Dear H, i'm amazed to hear you apologize for not knowing something considering the many times you' ve enlightened the rest of us with your knowledge you have every right to have a question. Sorry I can't answer your question but do owe you a big Danke and look forward to your assistance in the future.
Okay, problem number 1 fixed. I am an idiot, and I should have known this.
Question number 2, if you feel like enlightening me further, how would you use "ihres" in a sentence as seen here (attributive use, masculine, genitive):
Dear Hohenems, since ihr is a possessive pronoun for sie, there is no need to use the genitive casr. Ihr already expresses possession. Ihr Kaffee means 'her coffee'. As the other user said, ihres is used when expressing the phrase "the x of her x". Like die Farbe ihres Kaffees which means 'the color of her coffee". :)

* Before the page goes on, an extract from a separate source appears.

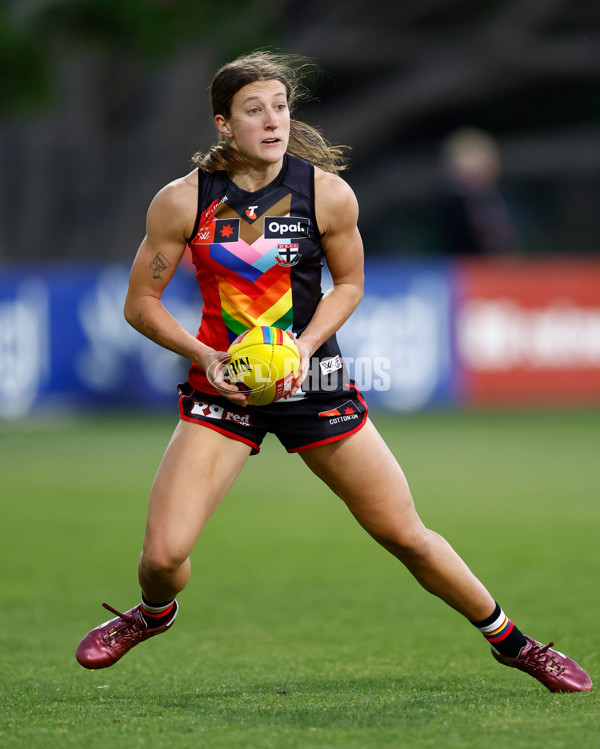 AFLW 2024 Round 07 - St Kilda v GWS - A-55205863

It should be "Er bringt ihren Kaffee" (he brings the coffee that belongs to her) To explain this, possessive pronouns change according to the gender of the object. In this sentence, "Kaffee" is a masculine object. Take two other objects: "das Bett" (the bed) and "die Lampe" (the lamp). "Er bringt ihr Bett" "Er bringt ihre Lampe" Therefore, it's ihren for masculine (Kaffee), ihre for feminine (Lampe) and ihr for neuter (Bett). Ihres doesn't exist in German, as it's just plain "ihr" for "das" article objects. I probably messed things up more for you, but I hope you can understand!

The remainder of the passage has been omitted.